State Rep. Hugh Shine, R-Temple, is seeking to designate Interstate 14 as a Purple Heart Trail, a network of roads across the nation that honor people who have been awarded the medal.
The Temple legislator, whose district covers Fort Hood, filed House Bill 421 on Thursday. It would only designate the Bell County portion of I-14, stretching from Belton to Killeen, as a Purple Heart Trail.
“As a county that is so involved with veterans and with active duty military, we want to honor those that have made sacrifices for our freedom and to show others that come through what we stand for,” Shine said in a news release.
Several Texas highways are already part of the national Purple Heart Trail, including Interstate 35. The trail network was created in 1992 by the Military Order of the Purple Heart.

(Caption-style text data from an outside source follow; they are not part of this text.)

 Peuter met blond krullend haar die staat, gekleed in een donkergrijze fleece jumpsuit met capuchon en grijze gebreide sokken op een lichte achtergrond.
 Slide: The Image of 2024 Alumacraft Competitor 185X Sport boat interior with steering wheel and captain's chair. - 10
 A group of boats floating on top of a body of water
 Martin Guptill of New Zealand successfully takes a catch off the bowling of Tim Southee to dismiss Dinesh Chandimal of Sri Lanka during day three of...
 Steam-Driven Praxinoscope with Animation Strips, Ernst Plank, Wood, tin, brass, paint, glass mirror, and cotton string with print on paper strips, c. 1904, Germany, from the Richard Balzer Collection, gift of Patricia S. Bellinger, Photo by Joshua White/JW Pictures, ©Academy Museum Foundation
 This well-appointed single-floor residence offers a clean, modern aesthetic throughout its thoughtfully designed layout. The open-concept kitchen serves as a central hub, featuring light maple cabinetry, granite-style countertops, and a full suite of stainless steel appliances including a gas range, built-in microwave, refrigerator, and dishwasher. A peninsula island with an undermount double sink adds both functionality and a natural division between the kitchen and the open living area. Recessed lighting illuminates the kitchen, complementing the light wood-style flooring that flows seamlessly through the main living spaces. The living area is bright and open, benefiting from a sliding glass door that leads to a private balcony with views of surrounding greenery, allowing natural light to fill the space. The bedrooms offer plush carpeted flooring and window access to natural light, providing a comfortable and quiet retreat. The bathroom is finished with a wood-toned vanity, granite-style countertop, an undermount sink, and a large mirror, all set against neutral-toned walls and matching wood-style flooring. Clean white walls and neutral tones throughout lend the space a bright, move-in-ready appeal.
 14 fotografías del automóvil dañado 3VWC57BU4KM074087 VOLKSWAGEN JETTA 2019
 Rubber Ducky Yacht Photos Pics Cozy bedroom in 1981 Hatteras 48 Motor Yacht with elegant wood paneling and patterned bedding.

Shine, who served 30 years in the U.S. Army and the Texas Army National Guard, authored a similar bill with Rep. JD Sheffield, R-Gatesville, and Rep. Scott Cosper, R-Killeen, during the last legislative session in 2017.
That bill, which is now law, designated Texas a Purple Heart State and set Aug. 7 as the annual Purple Heart Day.
“I hope that when people see those Purple Heart signs they take a moment to remember the sacrifice of so many and to ask themselves what they can do for those still alive but affected by foreign wars,” Shine said.
The Bell County Commissioners Court in September designated the county as a Purple Heart County. There are more than 40 Purple Heart counties in Texas, including nearby Williamson and McLennan counties.
The cities of Belton, Salado, Harker Heights and Killeen have Purple Heart designations.
Several Bell County schools and colleges have the designation. Those include Belton New Tech High School @ Waskow, Richard E. Cavazos Elementary in Nolanville, Texas A&M University-Central Texas and Central Texas College in Killeen.
The Legislature will consider Shine’s bill sometime next year. Lawmakers will convene for the 86th legislative session on Jan. 8.